The Mozart concerto was the high point of the concert as a result. It’s a terrific but seldom-played piece in which the composer created a sense of scope and significance using forces that seem modest on paper: no clarinets, trumpets, or drums in the orchestra, and just a single flute. The work includes many striking modulations to unusual keys — which were beautifully shaped by both player and orchestra — and the themes passed back and forth between them had a living, evolving “call-and-response” quality.

Denk is on record as saying he suffers from green and red chile withdrawal when he’s elsewhere for too long, and Santa Fe audiences can be forgiven for hoping another bout afflicts him soon.

Composer Melinda Wagner, who won the 1999 Pulitzer Prize in Music for her Concerto for Flute, Strings and Percussion, was present for her Little Moonhead: Three Tributaries Inspired by Brandenburg Concerto No. 4 by J.S. Bach.

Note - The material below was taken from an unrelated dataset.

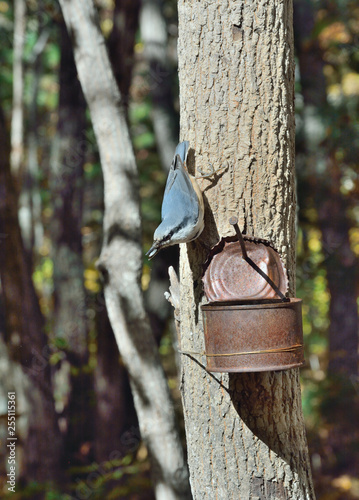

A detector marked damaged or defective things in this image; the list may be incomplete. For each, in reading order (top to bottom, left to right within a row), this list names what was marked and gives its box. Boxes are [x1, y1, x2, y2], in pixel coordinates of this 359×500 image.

rusted metal lid [202, 234, 290, 300]
rusty metal feeder [201, 217, 306, 374]
rusty bucket [201, 217, 306, 374]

It’s one of the six “New Brandenburgs” that were commissioned by the Orpheus Chamber Orchestra between 2006 and 2010.

The piece successfully honored the spirit and structure of Bach’s great concerto grosso, in which a solo violin and two flutes are juxtaposed against a small group of strings and harpsichord, while offering

an impressive variety of appealing sonorities. Wagner’s only change to Bach’s orchestra was the addition of a celeste, which was used to great effect in the ethereal central movement, “Moon Ache.” The vigorous and challenging solo violin part was played with aplomb by Pro Musica concertmaster Stephen Redfield.

Mendelssohn wrote his first piano concerto at the age of 21, when he had fallen in love with a pianist and composer named Delphine von Schauroth. The romance fizzled out, but performing the concerto remained one of Mendelssohn’s calling cards for the rest of his short career. The piece is full of youthful exuberance and the soloist’s part makes extensive use of the additional octave that piano makers had just started adding to the evolving instrument’s upper register.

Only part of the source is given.